(Beginning of Raw data)

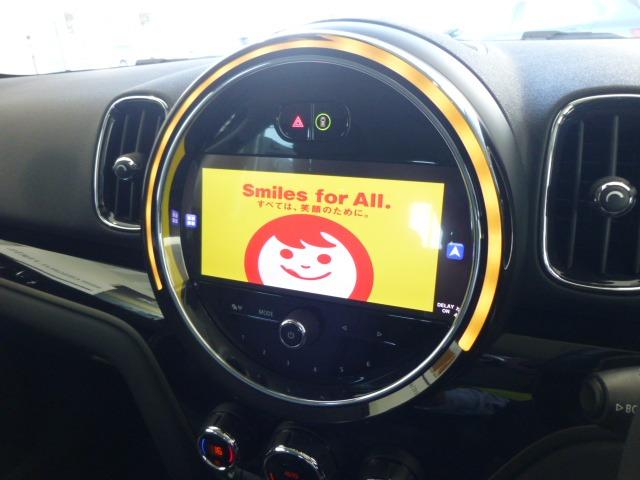 ＭＩＮＩ クーパーＤ　クロスオーバー　クラシックトリム正規認定中古車　カロッツエリア後付ＳＤナビ　フルセグ地デジチューナー　Ａｐｐｌｅｃａｒｐｌａｙ　リアビューカメラ　コンフォートアクセス　前席シートヒーター　１８ピンスポークアロイホイール（18枚目）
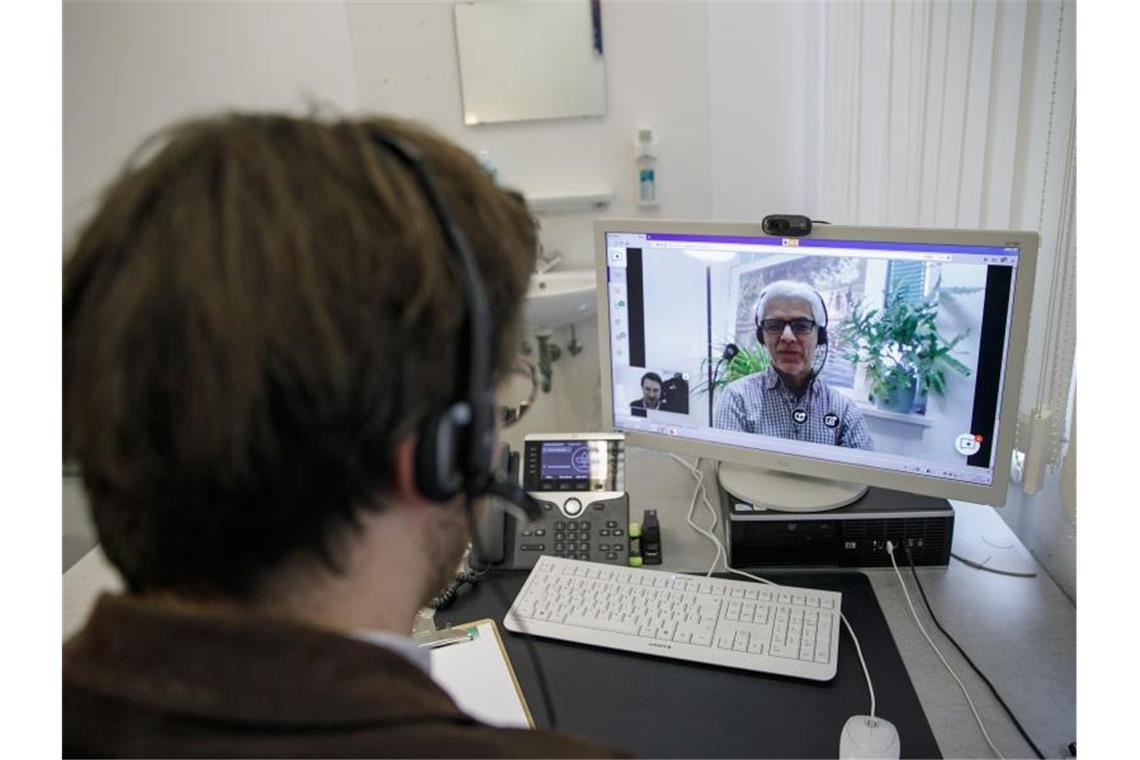 Videosprechstunde und mehr: Praxen sollen digitaler werden Bis zu jede fünfte Behandlung könnte zukünftig per Videosprechstunde erfolgen. Foto: Carsten Koall/dpa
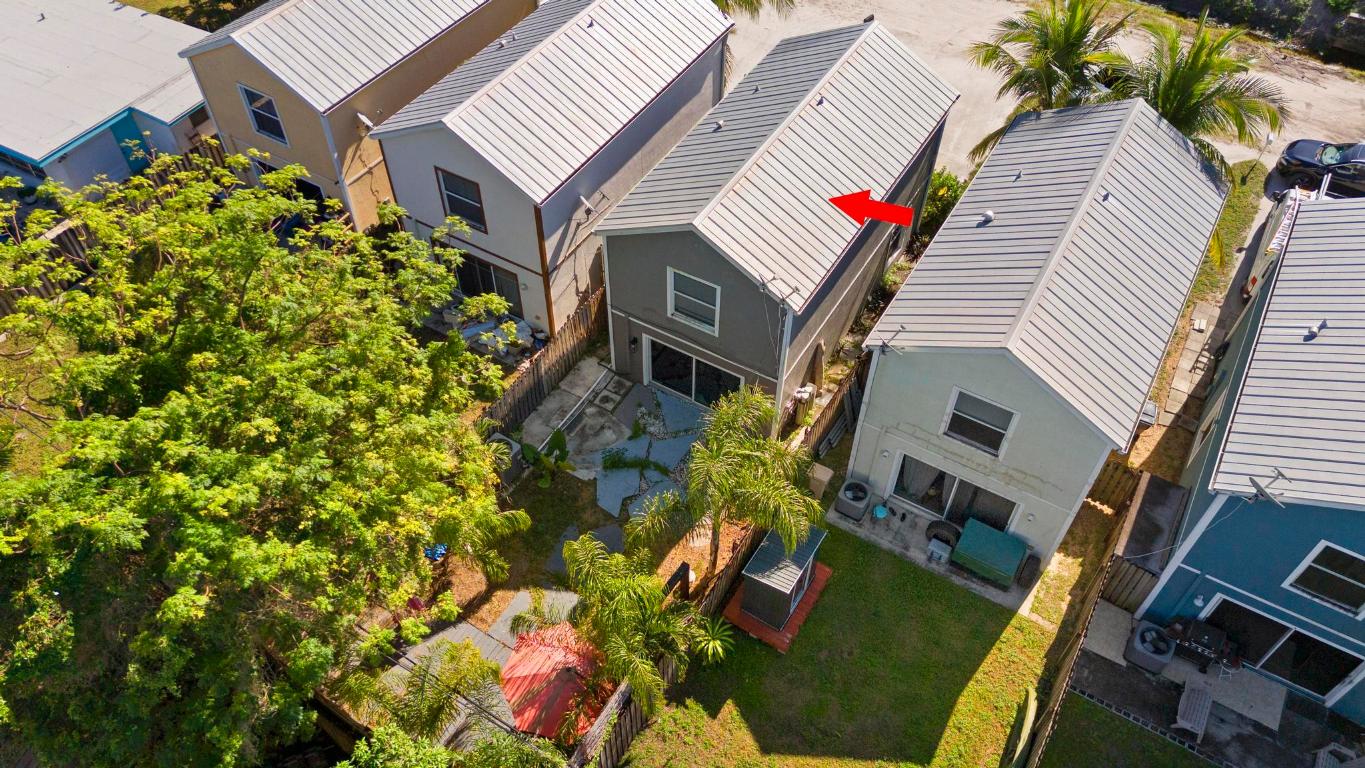 KENWOOD IN PB 3 PGS 44 & 45 - Residential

(End of Raw data)

Problem | Starting where a line contains "Videosprechstunde und mehr: Praxen" and finishing at the last line above, set down every line exactly as it reads, with no pictures.

Exercise solution |
 Videosprechstunde und mehr: Praxen sollen digitaler werden Bis zu jede fünfte Behandlung könnte zukünftig per Videosprechstunde erfolgen. Foto: Carsten Koall/dpa
 KENWOOD IN PB 3 PGS 44 & 45 - Residential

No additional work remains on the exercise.